According to a notice sent by Azgard Nine to Karachi Stock Exchange, the
Company has decided to disinvest its 100% shareholding of around 313 mn
shares (78.79% of total paid up capital) ordinary shares in Agritech
(formerly Pak American Fertilizer) to support the
reprofiling/restructuring of the debt. The names coming up as potential
buying parties are Arif Habib Group, Fauji Fertilizer and Nishat Group.

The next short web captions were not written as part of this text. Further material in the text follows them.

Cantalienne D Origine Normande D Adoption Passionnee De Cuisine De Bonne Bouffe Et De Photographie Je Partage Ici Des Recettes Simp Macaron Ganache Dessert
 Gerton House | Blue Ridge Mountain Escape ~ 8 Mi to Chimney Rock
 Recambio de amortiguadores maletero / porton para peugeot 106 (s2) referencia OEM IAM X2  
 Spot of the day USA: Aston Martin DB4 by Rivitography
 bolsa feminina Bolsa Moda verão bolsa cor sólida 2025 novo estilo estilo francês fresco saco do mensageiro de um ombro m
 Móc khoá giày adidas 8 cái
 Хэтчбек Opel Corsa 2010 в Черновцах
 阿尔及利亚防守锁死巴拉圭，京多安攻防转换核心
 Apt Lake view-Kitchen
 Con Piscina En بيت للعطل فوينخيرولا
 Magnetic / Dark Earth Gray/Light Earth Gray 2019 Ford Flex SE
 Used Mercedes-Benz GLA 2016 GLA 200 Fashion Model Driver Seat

ANL is a composite textile unit involved in production of denim products
and around 85% of the revenue is generated through exports. Recently as
the price of yarn shot up drastically, due to which the company faced a
hit on gross margins and accompanied by heavy financial charges resulted
in a loss of PkR 0.15 per share in the bottom line for the 1QFY10. The
main purpose of the company to offload Agritech is to generate fund to
restructure its debt. ANL holds debt of PkR 15.25 bn and debt to equity
ratio of 45:55. In March 2010, ANL offered some of its stake in
Agritech to general public at a price of PkR 30.0. However, this time
the offer price is not yet known. In case ANL manages to sell the
remaining entire stake at a price of PkR 30.0 per share; it would be
able to raise funds amounting to PkR 9.4 bn from which after retiring
the debt would result in improvement of stand alone after tax earnings
by PkR 1.88 per share.
So it seems that the JS Group is finally coming under pressure. Azgard Nine has been under investigation by the SECP for insider trading/price manipulation of shares due to which many small shareholders have lost their savings.